Advancement Possibilities and Employment Outlook

Fully qualified painters and paperhangers are already at the top of their craft. However, experienced painters and paperhangers can become supervisors. They can also become job estimators or superintendents. Many painters and paper-hangers open their own businesses as painters or decorating contractors.

About 486,000 people are employed as painters and paperhangers in the United States. The number of painters is expected to increase about as fast as the average for all jobs through the year 2014. The number of paperhangers is expected to grow at a slower pace. Employment in the industry varies with the general economy, the level of new building construction, the need for maintenance, and color trends. Despite advances in technology in many parts of the construction industry, most painting and paperhanging must be done by hand, so there will always be a need for these workers. Many openings will result from the departure of workers who retire or leave the field.

Working Conditions

Painters and paperhangers usually work forty hours a week, although many work part time. They earn higher wages for overtime work. Paperhangers work indoors, so the weather has little effect on their work; painters, however, work both indoors and outdoors, so some of their work time may be lost to bad weather. Painters and paperhangers often work in crews or with helpers, so they must be able to work well with other people.

Painters and paperhangers often come into contact with fumes from paint, adhesives, and other materials used in their trade. Sometimes they must wear protective gear to remove hazardous materials, such as lead paint, from surfaces. They must be physically strong, because their work calls for their arms to be raised overhead for extended periods of time. The job often requires them to work on ladders and scaffolds, including "swing stages," which hang on ropes or cables from the roofs of buildings.

Earnings and Benefits

Earnings vary widely, depending on geography. The median wage for painters in 2004 was $14.55 per hour. The median wage for paperhangers was $15.73 per hour. There are many more painters than paperhangers. Nearly half of all workers in these trades are self-employed. Some of them belong to labor unions.
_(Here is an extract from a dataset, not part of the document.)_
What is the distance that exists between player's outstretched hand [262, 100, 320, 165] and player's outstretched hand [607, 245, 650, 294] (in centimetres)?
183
Where to Go for More Information

International Brotherhood of Painters and Allied Trades
1750 New York Ave. NW
Washington, DC 20006
(202) 637-0700
http://www.iupat.org

National Association of Women in Construction
327 S. Adams St.
Fort Worth, TX 76104-1002
(800) 552-3506
http://www.nawic.org

United States Department of Labor
Office of Apprenticeship Training, Employer and Labor Services
200 Constitution Ave. NW
Washington, DC 20210
(202) 693-3813
http://www.doleta.gov/atels_bat/bat.cfm

Apprentices begin at forty to fifty percent of the qualified craft worker's wage and receive periodic increases as they progress through their training. Union members generally receive paid holidays, life insurance, and hospitalization and pension plans. The number of vacation days they receive depends on the number of days they work each year. Other benefits are negotiated separately for each union contract.